Images for some reason of the trophy have completely disappeared, but in this Movietone clip of the race won by the great Ron Hill the trophy can be clearly seen.
The marathon was not without controversy. Pietri Dorando was the first man into the stadium but was suffering from extreme fatigue and did not look as though he would make the line and so was helped, and then disqualified. Such was the public sympathy for Dorando that the Queen awarded him a gold cup the next day as a consolation prize. In this old postcard of the event Dorando can be seen running through Harlesden, accompanied, as were all the runners, by a cyclist supplied by - you guessed it - the Polytechnic Harriers and cycling club.
Back to the Olympics. Having stepped in to save the Games we only had two years to prepare for the event. The challenge of preparing London for the 1908 Games with such little notice was taken up by Lord Desborough (1855-1945), chairman of the British Olympic Association. This formidable aristocrat had climbed the Matterhorn, rowed in the Boat Race for Oxford and swum across the base of Niagara Falls, so organizing the Olympic Games was not an especially intimidating prospect. He persuaded the organizers of the Franco-British Exhibition of 1908 to build the stadium, at their own expense, to accommodate an athletics ground. In return they would receive a proportion of gate receipts.
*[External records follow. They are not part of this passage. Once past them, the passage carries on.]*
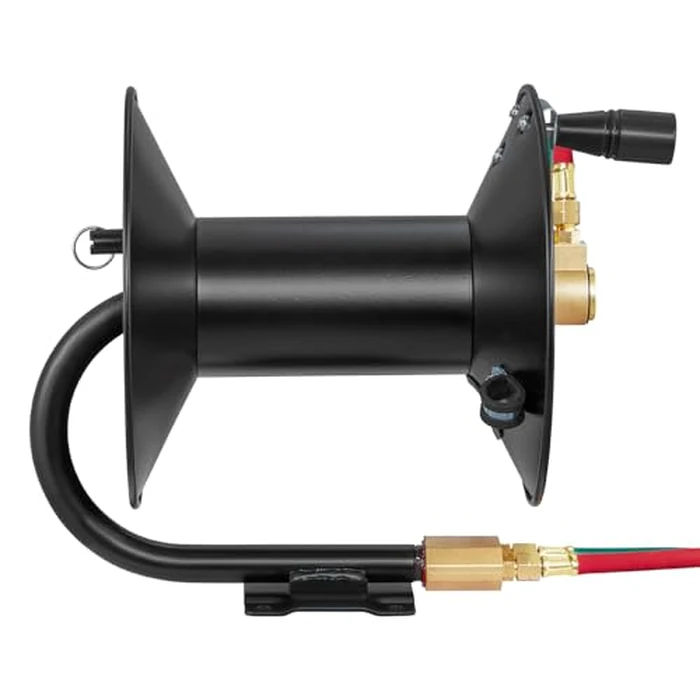 VEVOR Welding Hose Reel, Hand Crank Rewind Hose Reel with 3FT Lead-in Hose and 9/16"-18 B Fittings, Ceiling/Wall Mount Heavy Duty Steel Reel for Workshops Garages (Welding Hose Not Included) by VEVOR - Image 2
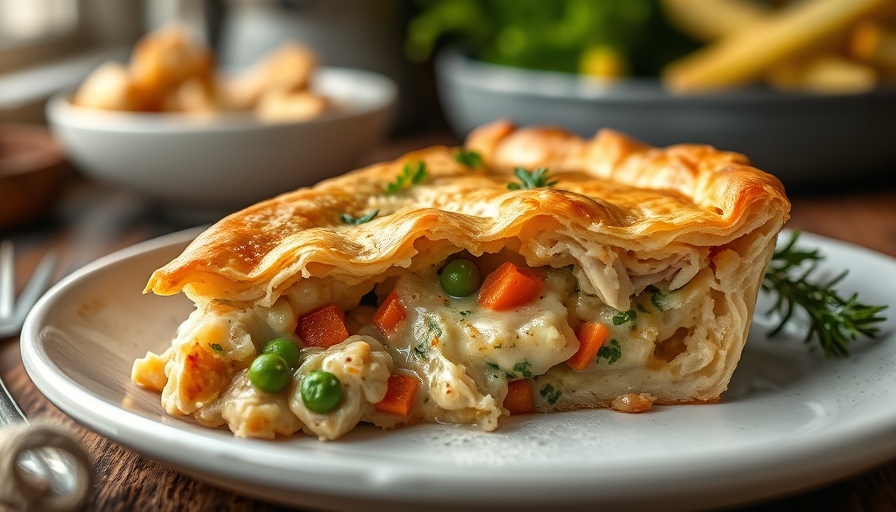 Golden slice of homemade chicken pot pie on a plate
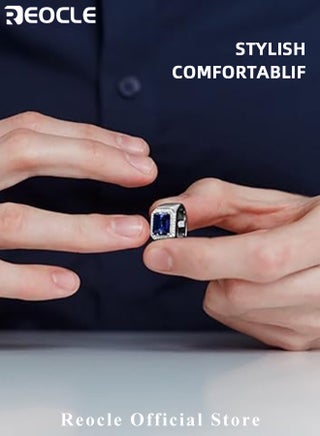 Men's Gem Ring Zircon Ring Classical Gem Stone Engagement Jewelry Luxury Thumb Ring for Father Dad and Gentlemen as Gifts - view 4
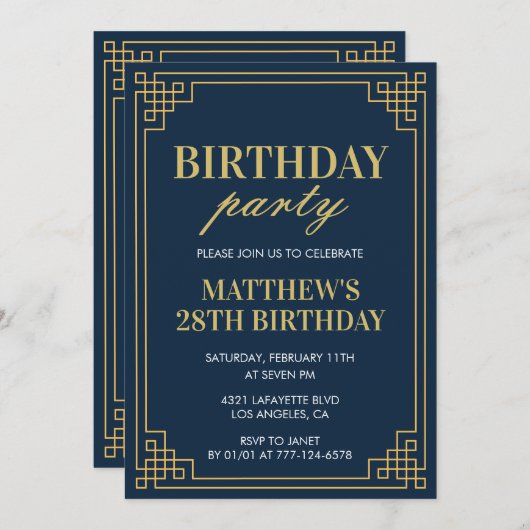 28歳の誕生日招待状誕生日パーティー少年の海軍 招待状 (正面/裏面)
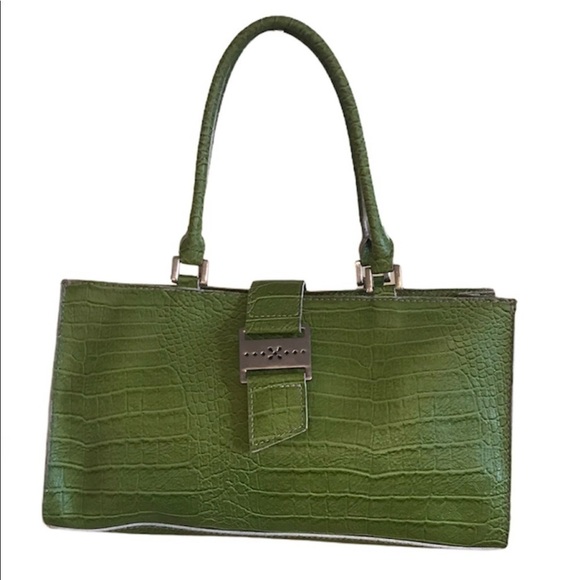 Emilie M Lime Green Alligator Skin Print Hand Bag - Picture 1 of 9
Soon named ‘White City’ after its ugly concrete structures, the stadium was completed in ten months by George Wimpey and included a swimming pool and cycle track as well as facilities for track and field athletics. It was designed to accommodate 66,000 spectators but could hold as many as 130,000 standing on terraces.
It is difficult to imagine such an undertaking being completed in that time today; oh, and it made a small profit !
For the only time the British team won the most medals, 146 including 56 gold medals. The White City stadium survived, later mainly as the home of greyhound racing, until it was demolished in 1986 to be replaced by a 'white elephant', the BBC television centre, itself now gone.
The velodrome/cycle track was never really used after the 1908 games and further grandstanding was built on it to increase capacity.
The games had one other first: women were allowed to compete in a small number of sports for the first time.
The games suffered from appalling weather and were extended to finish all the events: they actually lasted for six months. This photo of the track cycling gives an idea of the weather; for safety reasons, track cycling is never held in the rain, but the program got so behind they changed the rules.
So despite the IOC erasing every detail about the Polytechnic involvement in the 1908 games, it can be safely said they would not have gone ahead without that institution's involvement.